There is some wonderful writing in this stanza – “they know no songs”, “bright dead alien eyes”, “They look at our labor and our laughter as a tired man looks at flies.” This last one tells us all we really need to know about the new lords and their relationship with the people. “Loveless pity” is an interesting and valuable phrase, putting into stark contrast the difference between loving someone and feeling sorry for him.
We hear men speaking for us of new laws strong and sweet,
Yet is there no man speaketh as we speak in the street.
It may be we shall rise the last as Frenchmen rose the first,
Our wrath come after Russia’s wrath and our wrath be the worst.
“Russia’s wrath” must be the overthrow of the Tsars, although that uprising brought anything but freedom. It may seem curious that Chesterton says that the Frenchmen rose first when the American revolution preceded theirs. This comes from a view of Chesterton’s that he expressed in A Short History of England:
“We did not really drive away the American colonists, nor were they driven. They were led on by a light that went before. That light came from France, like the armies of Lafayette that came to the help of Washington. France was already in travail with the tremendous spiritual revolution which was soon to reshape the world.”
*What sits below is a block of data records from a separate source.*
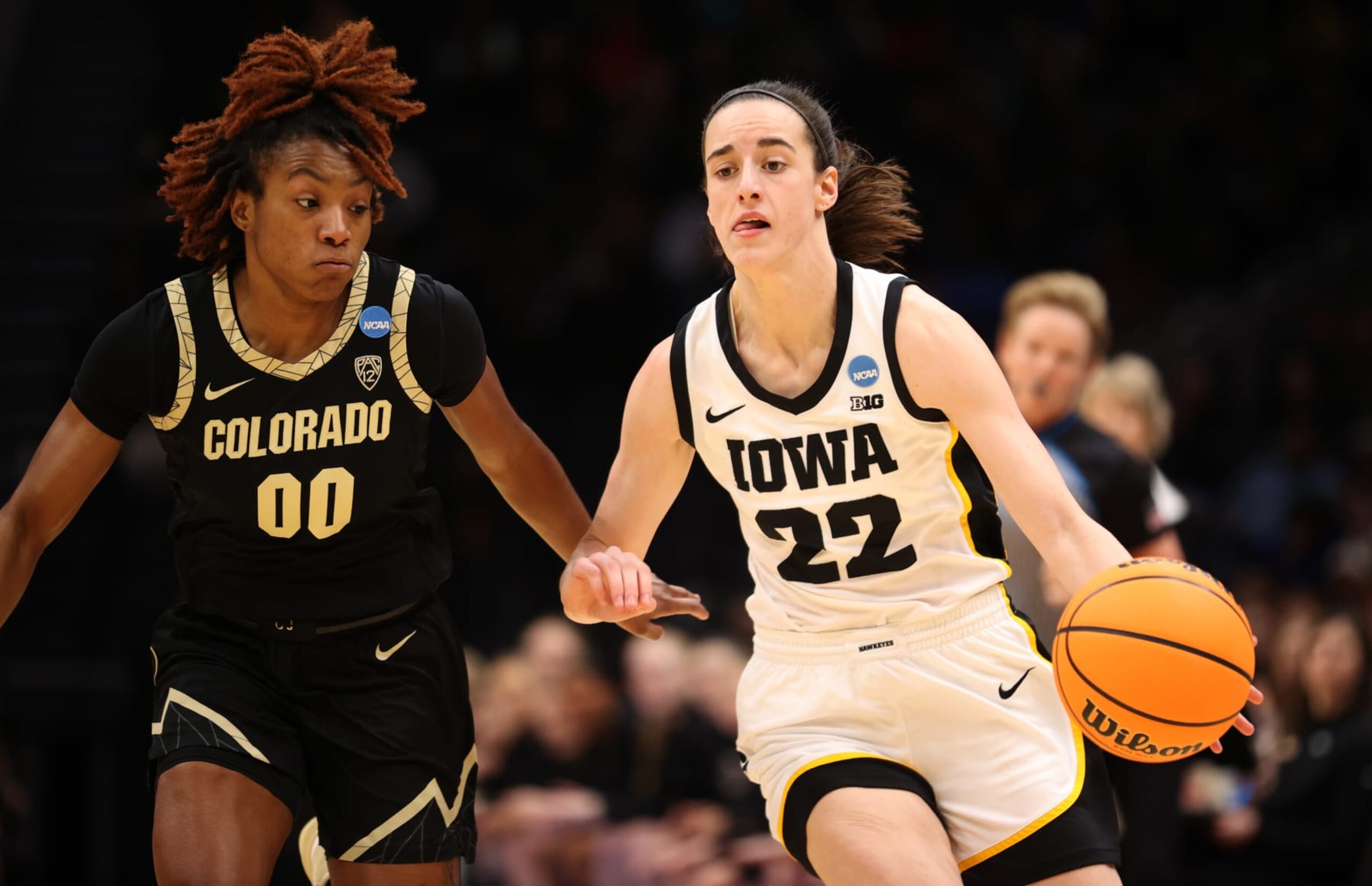 SEATTLE, WA - MARCH 24: Iowa Hawkeyes guard Caitlin Clark #22 dribbles the ball past Colorado Buffaloes guard Jaylyn Sherrod #0 during the Sweet Sixteen round of the 2023 NCAA Womens Basketball Tournament held at Climate Pledge Arena on March 24, 2023 in Seattle, Washington. (Photo by C. Morgan Engel/NCAA Photos via Getty Images) SEATTLE, WA - MARCH 24: Iowa Hawkeyes guard Caitlin Clark #22 dribbles the ball past Colorado Buffaloes guard Jaylyn Sherrod #0 during the Sweet Sixteen round of the 2023 NCAA Womens Basketball Tournament held at Climate Pledge Arena on March 24, 2023 in Seattle, Washington. (Photo by C. Morgan Engel/NCAA Photos via Getty Images)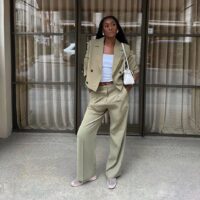 Mulher jovem, magra e de pele negra com cabelos longos. Ela usa blazer cropped, calça de alfaiataria, blusa branca e sapatilha telada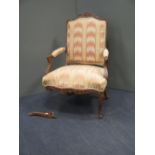 A Louis XIV carved walnut fauteuil, with pink watered silk upholstery (one leg broken; worm damage)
It may be we are meant to mark with our riot and our rest
God’s scorn for all men governing. It may be beer is best.
“God’s scorn for all men governing” is an interesting phrase, and seems to indicate the truth that power and authority ultimately belong only to God. “It may be beer is best” is a cheerfully fatalistic line, and not without a tinge of irony. Fittingly, though maybe not intentionally, it echoes the earlier remark about ale. That remark was in reference to the Commonwealth of England, which collapsed after eleven years when they invited the son of the king they killed to come and reign over them.
But we are the people of England; and we have not spoken yet.
Smile at us, pay us, pass us. But do not quite forget.
Chesterton finishes, and the end – to sound like the great author for a moment – is the beginning.